I was wondring if anyone has put rhino liner on their rockers and how it held up. Also what does it cost. I'm getting quite a few rock chips on my truck and I was thinking about doing this if it wasn't too expensive. Also where can I get done, or can I do it myself?


----------



## oldfireguy (Jun 23, 2005)

Our local dealer featured and entire truck with the body covered in Rhino lining. It was a 10+ old 4x4 in good mechanical shape, but had started to rust. I talked with the owner and he told me a body shop wanted $3 grand for bondo and paint and would only guarantee for 1 year. 
Rhino coating (yellow body, black bed) cost him less than $2,000 and should hold up for years. Dealer said it added only 40 lbs to the weight of the vehicle.
Surprisingly, it looked pretty good on a work type vehicle. Wouldn't want my Chevy Impala to have this, but for a truck.....pretty nice.


----------



## bowinchester (Aug 31, 2008)

do you happen to have any pics of the truck? it sounds pretty sweet.


----------



## GSPKurt (Dec 12, 2004)

I saw a Jeep that had the whole body done. It looked very cool. I am told the vehicle is quieter in the woods, as the branches/brush doesn't "screech" along the body when you drive.


----------



## 9manfan (Oct 22, 2008)

Man, now thats got to be very UGLY,,,,,,,,,,


----------



## fullmetalone (Jul 12, 2009)

i did my rockers on my jeep. two pieces of advice.
1. Get the real Rhino lining name brand stuff, not the cheap stuff, it won't hold. believe me, i did it both ways.
2. Take your time in prep roughing up the area's you want to put it on it won't stick.


----------



## Capt Rick Hiott (Jul 15, 2011)

SEM makes a clear rock guard that you can spray on your rockers yourself.

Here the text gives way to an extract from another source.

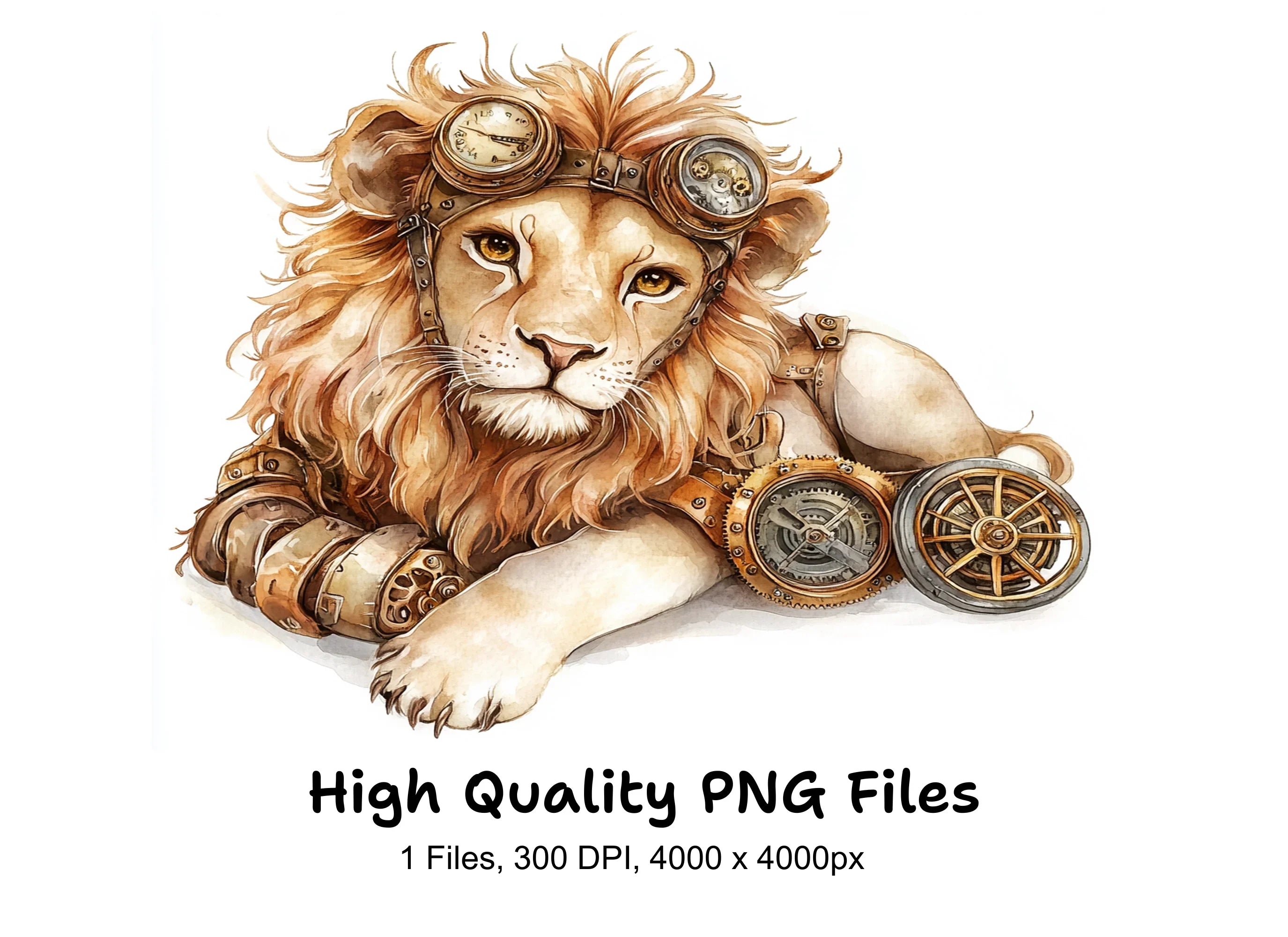 Steampunk Lion Fantasy Animal Clipart Bundle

http://www.handsontools.com/SEM-39803-C ... 15153.html


----------



## Andy Weber (Nov 18, 2009)

Take it to a shop, believe me you will be glad you did. Our shop does it in less than a day plus overnight dry time and an extended cab short box pickup(like the late 90s early 2000s dodges) will only run about 300 for black. If you want color it costs about $50 more. holds up great and adds a rugged look.


----------



## andyb (Oct 10, 2006)

where is your shop Weber?


----------